— Data for this exercise —
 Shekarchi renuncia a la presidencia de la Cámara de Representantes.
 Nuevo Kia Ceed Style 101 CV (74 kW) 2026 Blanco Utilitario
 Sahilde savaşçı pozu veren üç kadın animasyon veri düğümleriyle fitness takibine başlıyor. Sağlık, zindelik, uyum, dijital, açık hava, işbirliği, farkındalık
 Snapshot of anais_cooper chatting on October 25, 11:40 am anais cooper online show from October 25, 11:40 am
==
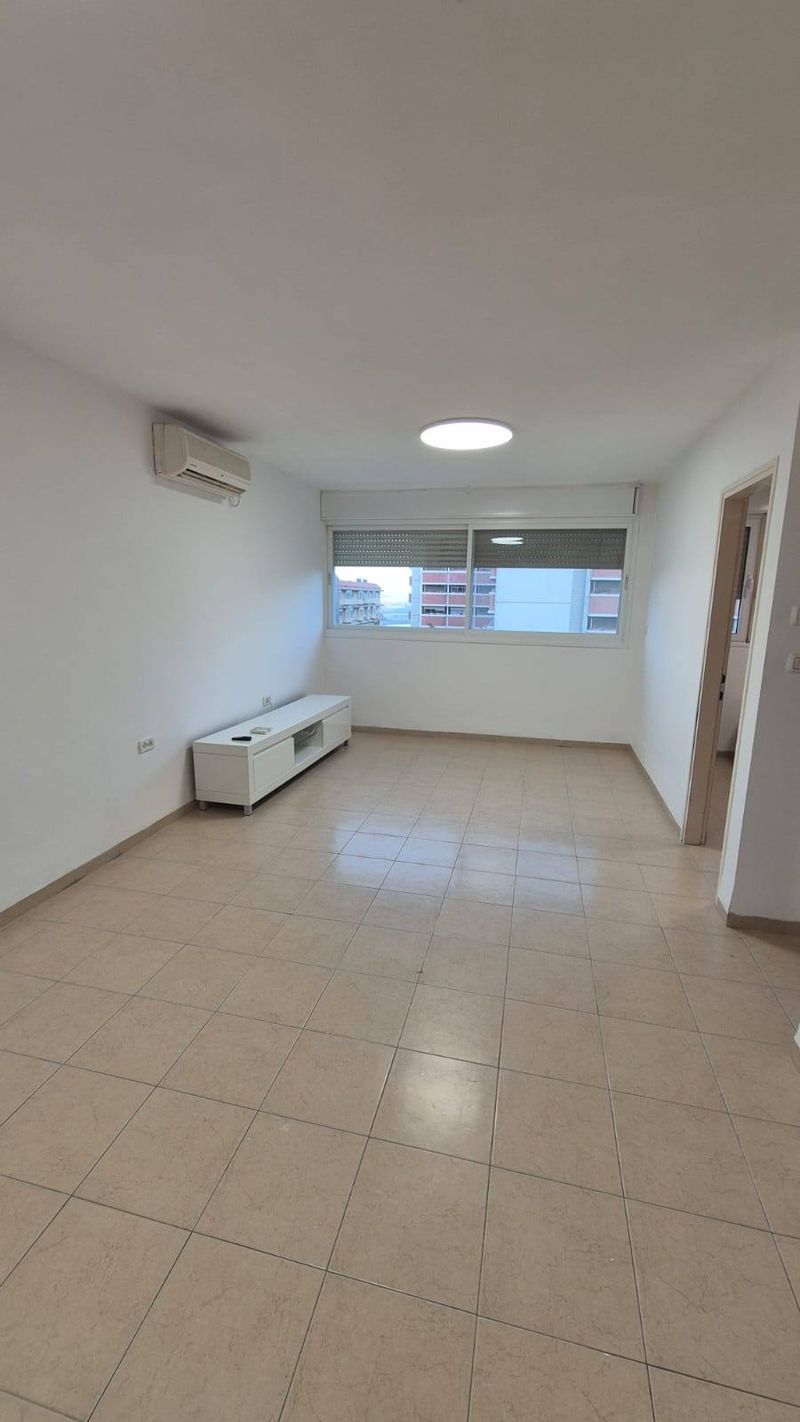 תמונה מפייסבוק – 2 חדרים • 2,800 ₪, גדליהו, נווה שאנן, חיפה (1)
---
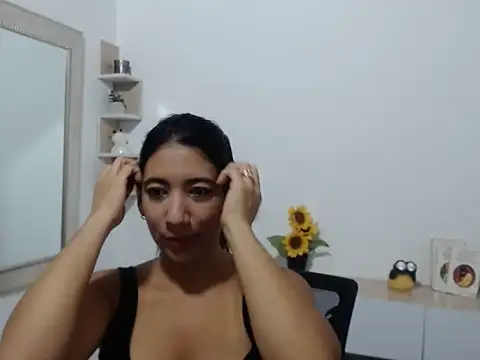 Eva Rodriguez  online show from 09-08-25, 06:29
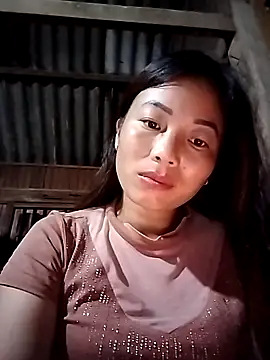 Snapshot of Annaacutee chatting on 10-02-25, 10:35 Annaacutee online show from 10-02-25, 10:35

— Action item —
In the entries above, please find the line with "Shekarchi renuncia a" and the line with "Snapshot of anais_cooper", then write out exactly those two lines and every line between them, and nothing more.

— Answer to this exercise —
 Shekarchi renuncia a la presidencia de la Cámara de Representantes.
 Nuevo Kia Ceed Style 101 CV (74 kW) 2026 Blanco Utilitario
 Sahilde savaşçı pozu veren üç kadın animasyon veri düğümleriyle fitness takibine başlıyor. Sağlık, zindelik, uyum, dijital, açık hava, işbirliği, farkındalık
 Snapshot of anais_cooper chatting on October 25, 11:40 am anais cooper online show from October 25, 11:40 am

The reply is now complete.